- Problem to work on
Repeat the lines from the line with "Appartamento in vendita a Pietra Ligure" to the line with "Cosel ACE650F AC6-H2K2K-00" in the listing below, keeping both end lines and adding nothing.

- Provided data
____________

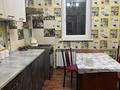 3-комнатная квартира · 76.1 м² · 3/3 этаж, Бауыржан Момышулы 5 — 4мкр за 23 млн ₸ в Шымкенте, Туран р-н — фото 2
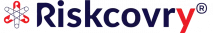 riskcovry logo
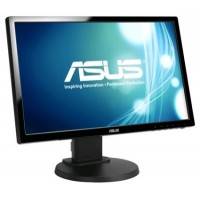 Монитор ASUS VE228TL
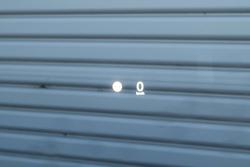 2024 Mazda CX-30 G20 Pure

____________

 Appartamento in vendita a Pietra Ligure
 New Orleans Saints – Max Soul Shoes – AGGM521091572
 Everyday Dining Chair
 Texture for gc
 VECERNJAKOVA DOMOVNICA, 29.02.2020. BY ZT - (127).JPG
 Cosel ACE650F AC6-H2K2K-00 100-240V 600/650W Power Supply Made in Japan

____________

- Written reply
 Appartamento in vendita a Pietra Ligure
 New Orleans Saints – Max Soul Shoes – AGGM521091572
 Everyday Dining Chair
 Texture for gc
 VECERNJAKOVA DOMOVNICA, 29.02.2020. BY ZT - (127).JPG
 Cosel ACE650F AC6-H2K2K-00 100-240V 600/650W Power Supply Made in Japan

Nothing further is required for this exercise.